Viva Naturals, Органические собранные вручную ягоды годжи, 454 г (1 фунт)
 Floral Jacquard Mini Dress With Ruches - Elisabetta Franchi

...

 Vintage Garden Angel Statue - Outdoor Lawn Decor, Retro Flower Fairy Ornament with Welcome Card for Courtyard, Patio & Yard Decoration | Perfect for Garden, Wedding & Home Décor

...

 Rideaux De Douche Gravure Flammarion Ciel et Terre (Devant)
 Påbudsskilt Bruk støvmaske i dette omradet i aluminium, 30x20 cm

* Try it *
Word for word, restate the lines above from the line containing "Viva Naturals, Органические" through the line containing "Floral Jacquard Mini", with both included and nothing else.

* Answer section *
Viva Naturals, Органические собранные вручную ягоды годжи, 454 г (1 фунт)
 Floral Jacquard Mini Dress With Ruches - Elisabetta Franchi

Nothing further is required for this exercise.